Work item: Take the data that follows and return it exactly.

Input material:
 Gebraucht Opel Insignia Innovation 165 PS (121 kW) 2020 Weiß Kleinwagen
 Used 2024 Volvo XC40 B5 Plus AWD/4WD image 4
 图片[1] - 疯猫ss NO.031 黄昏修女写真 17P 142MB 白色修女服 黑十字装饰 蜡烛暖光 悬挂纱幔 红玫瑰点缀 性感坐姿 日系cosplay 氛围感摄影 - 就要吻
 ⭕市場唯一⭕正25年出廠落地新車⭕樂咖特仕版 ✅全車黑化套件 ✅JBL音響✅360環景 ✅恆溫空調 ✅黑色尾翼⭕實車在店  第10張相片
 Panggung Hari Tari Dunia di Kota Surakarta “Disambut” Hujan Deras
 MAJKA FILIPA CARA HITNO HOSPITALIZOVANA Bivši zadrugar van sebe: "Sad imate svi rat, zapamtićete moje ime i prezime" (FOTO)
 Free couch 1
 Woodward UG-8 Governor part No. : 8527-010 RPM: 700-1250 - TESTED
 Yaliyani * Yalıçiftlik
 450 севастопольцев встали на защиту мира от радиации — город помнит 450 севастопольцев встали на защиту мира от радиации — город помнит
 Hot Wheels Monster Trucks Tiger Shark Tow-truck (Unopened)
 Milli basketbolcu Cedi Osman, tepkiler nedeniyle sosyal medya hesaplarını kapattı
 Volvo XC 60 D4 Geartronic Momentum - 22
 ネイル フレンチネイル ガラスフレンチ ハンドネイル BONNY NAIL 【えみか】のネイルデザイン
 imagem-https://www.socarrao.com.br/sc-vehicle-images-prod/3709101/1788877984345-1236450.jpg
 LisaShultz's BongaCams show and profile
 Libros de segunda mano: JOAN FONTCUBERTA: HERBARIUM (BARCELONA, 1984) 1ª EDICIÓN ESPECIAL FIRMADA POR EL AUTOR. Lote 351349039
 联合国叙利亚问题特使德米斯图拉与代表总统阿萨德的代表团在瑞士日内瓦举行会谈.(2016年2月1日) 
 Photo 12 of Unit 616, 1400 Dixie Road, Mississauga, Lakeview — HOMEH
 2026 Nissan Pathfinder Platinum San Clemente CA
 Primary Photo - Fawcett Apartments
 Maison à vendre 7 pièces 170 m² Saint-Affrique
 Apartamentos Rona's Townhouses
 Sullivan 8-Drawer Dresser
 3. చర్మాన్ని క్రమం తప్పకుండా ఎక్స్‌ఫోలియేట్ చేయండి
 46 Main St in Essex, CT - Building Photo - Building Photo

Task result:
 Gebraucht Opel Insignia Innovation 165 PS (121 kW) 2020 Weiß Kleinwagen
 Used 2024 Volvo XC40 B5 Plus AWD/4WD image 4
 图片[1] - 疯猫ss NO.031 黄昏修女写真 17P 142MB 白色修女服 黑十字装饰 蜡烛暖光 悬挂纱幔 红玫瑰点缀 性感坐姿 日系cosplay 氛围感摄影 - 就要吻
 ⭕市場唯一⭕正25年出廠落地新車⭕樂咖特仕版 ✅全車黑化套件 ✅JBL音響✅360環景 ✅恆溫空調 ✅黑色尾翼⭕實車在店  第10張相片
 Panggung Hari Tari Dunia di Kota Surakarta “Disambut” Hujan Deras
 MAJKA FILIPA CARA HITNO HOSPITALIZOVANA Bivši zadrugar van sebe: "Sad imate svi rat, zapamtićete moje ime i prezime" (FOTO)
 Free couch 1
 Woodward UG-8 Governor part No. : 8527-010 RPM: 700-1250 - TESTED
 Yaliyani * Yalıçiftlik
 450 севастопольцев встали на защиту мира от радиации — город помнит 450 севастопольцев встали на защиту мира от радиации — город помнит
 Hot Wheels Monster Trucks Tiger Shark Tow-truck (Unopened)
 Milli basketbolcu Cedi Osman, tepkiler nedeniyle sosyal medya hesaplarını kapattı
 Volvo XC 60 D4 Geartronic Momentum - 22
 ネイル フレンチネイル ガラスフレンチ ハンドネイル BONNY NAIL 【えみか】のネイルデザイン
 imagem-https://www.socarrao.com.br/sc-vehicle-images-prod/3709101/1788877984345-1236450.jpg
 LisaShultz's BongaCams show and profile
 Libros de segunda mano: JOAN FONTCUBERTA: HERBARIUM (BARCELONA, 1984) 1ª EDICIÓN ESPECIAL FIRMADA POR EL AUTOR. Lote 351349039
 联合国叙利亚问题特使德米斯图拉与代表总统阿萨德的代表团在瑞士日内瓦举行会谈.(2016年2月1日) 
 Photo 12 of Unit 616, 1400 Dixie Road, Mississauga, Lakeview — HOMEH
 2026 Nissan Pathfinder Platinum San Clemente CA
 Primary Photo - Fawcett Apartments
 Maison à vendre 7 pièces 170 m² Saint-Affrique
 Apartamentos Rona's Townhouses
 Sullivan 8-Drawer Dresser
 3. చర్మాన్ని క్రమం తప్పకుండా ఎక్స్‌ఫోలియేట్ చేయండి
 46 Main St in Essex, CT - Building Photo - Building Photo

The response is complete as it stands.